- Opening Delimiter -

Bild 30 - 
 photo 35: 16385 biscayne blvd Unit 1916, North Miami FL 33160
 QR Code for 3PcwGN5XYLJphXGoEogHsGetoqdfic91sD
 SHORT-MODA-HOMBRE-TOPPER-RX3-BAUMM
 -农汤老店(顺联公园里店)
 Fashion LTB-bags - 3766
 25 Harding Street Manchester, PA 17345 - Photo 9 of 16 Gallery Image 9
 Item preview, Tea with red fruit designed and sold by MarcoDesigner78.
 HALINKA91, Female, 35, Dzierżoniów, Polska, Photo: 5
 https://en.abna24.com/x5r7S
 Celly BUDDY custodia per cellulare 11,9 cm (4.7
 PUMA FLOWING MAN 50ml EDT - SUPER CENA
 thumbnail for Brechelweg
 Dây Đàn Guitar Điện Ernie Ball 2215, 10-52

- Closing Delimiter -

## WORK REQUEST
Everything from the line containing "Fashion LTB-bags - 3766" through the last line above should be copied exactly, please, with nothing added.

## RESPONSE BELOW
 Fashion LTB-bags - 3766
 25 Harding Street Manchester, PA 17345 - Photo 9 of 16 Gallery Image 9
 Item preview, Tea with red fruit designed and sold by MarcoDesigner78.
 HALINKA91, Female, 35, Dzierżoniów, Polska, Photo: 5
 https://en.abna24.com/x5r7S
 Celly BUDDY custodia per cellulare 11,9 cm (4.7
 PUMA FLOWING MAN 50ml EDT - SUPER CENA
 thumbnail for Brechelweg
 Dây Đàn Guitar Điện Ernie Ball 2215, 10-52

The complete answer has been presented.